**What to do**
Copy every line of the records exactly, without including the images.

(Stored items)
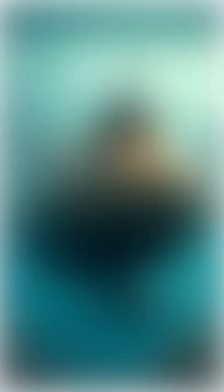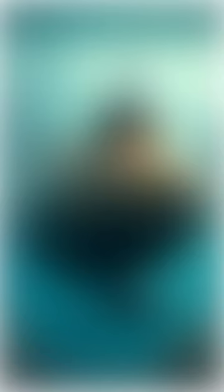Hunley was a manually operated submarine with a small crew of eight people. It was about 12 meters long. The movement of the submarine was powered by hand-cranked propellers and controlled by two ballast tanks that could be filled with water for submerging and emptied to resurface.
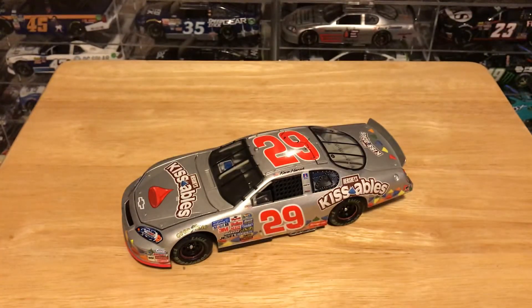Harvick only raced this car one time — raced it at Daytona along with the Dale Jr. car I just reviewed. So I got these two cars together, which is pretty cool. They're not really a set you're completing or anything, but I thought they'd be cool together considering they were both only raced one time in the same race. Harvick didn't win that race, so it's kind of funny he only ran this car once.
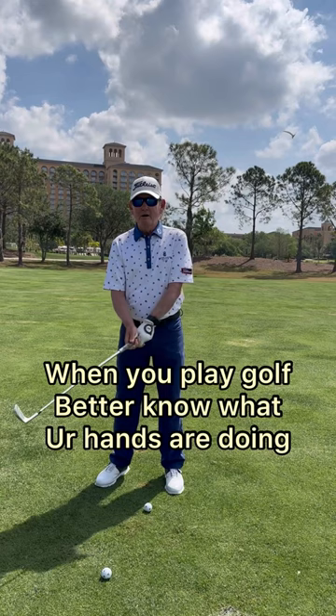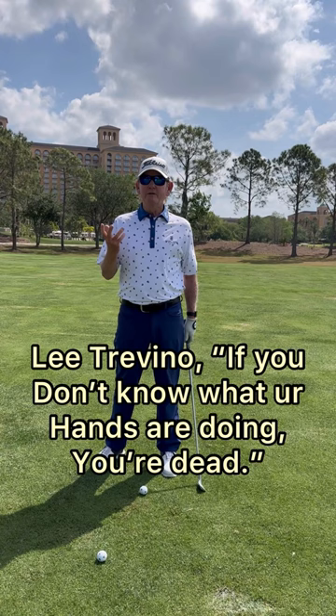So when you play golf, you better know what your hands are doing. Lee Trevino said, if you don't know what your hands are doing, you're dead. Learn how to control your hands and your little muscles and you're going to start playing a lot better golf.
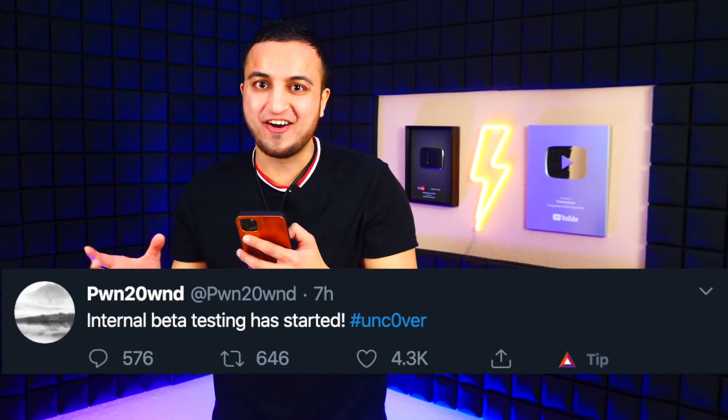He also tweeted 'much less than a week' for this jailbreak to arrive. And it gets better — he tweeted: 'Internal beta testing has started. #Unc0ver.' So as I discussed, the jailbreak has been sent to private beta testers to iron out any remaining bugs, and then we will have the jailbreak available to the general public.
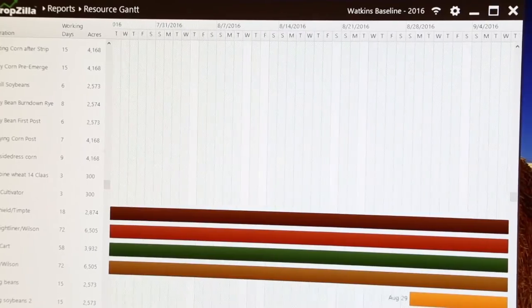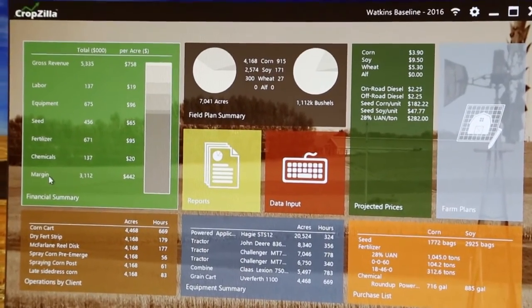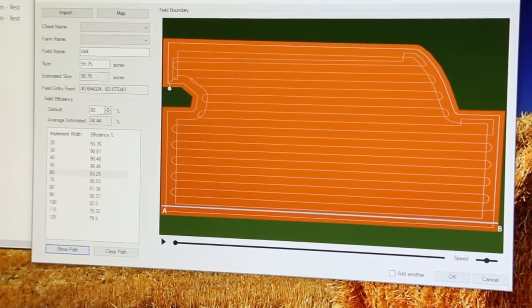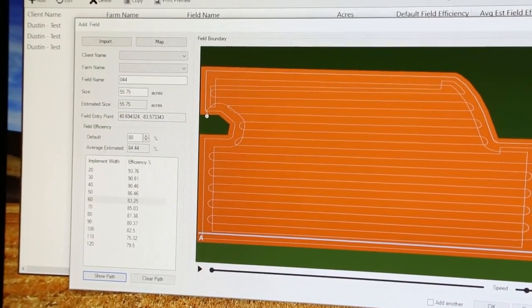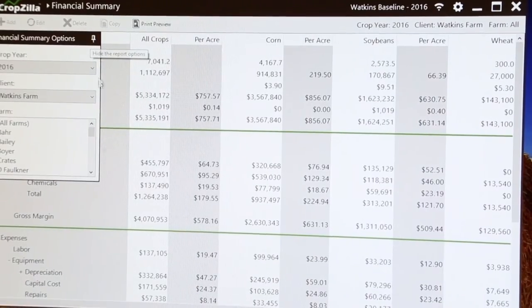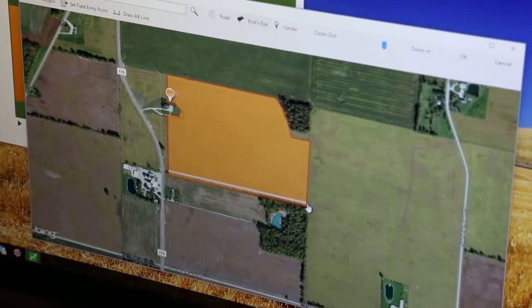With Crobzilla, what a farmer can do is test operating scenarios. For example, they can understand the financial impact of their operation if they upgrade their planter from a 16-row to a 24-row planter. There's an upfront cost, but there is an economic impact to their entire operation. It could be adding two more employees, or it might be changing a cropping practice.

**Response area**
Hunley was a manually operated submarine with a small crew of eight people. It was about 12 meters long. The movement of the submarine was powered by hand-cranked propellers and controlled by two ballast tanks that could be filled with water for submerging and emptied to resurface.
Harvick only raced this car one time — raced it at Daytona along with the Dale Jr. car I just reviewed. So I got these two cars together, which is pretty cool. They're not really a set you're completing or anything, but I thought they'd be cool together considering they were both only raced one time in the same race. Harvick didn't win that race, so it's kind of funny he only ran this car once.
So when you play golf, you better know what your hands are doing. Lee Trevino said, if you don't know what your hands are doing, you're dead. Learn how to control your hands and your little muscles and you're going to start playing a lot better golf.
He also tweeted 'much less than a week' for this jailbreak to arrive. And it gets better — he tweeted: 'Internal beta testing has started. #Unc0ver.' So as I discussed, the jailbreak has been sent to private beta testers to iron out any remaining bugs, and then we will have the jailbreak available to the general public.
With Crobzilla, what a farmer can do is test operating scenarios. For example, they can understand the financial impact of their operation if they upgrade their planter from a 16-row to a 24-row planter. There's an upfront cost, but there is an economic impact to their entire operation. It could be adding two more employees, or it might be changing a cropping practice.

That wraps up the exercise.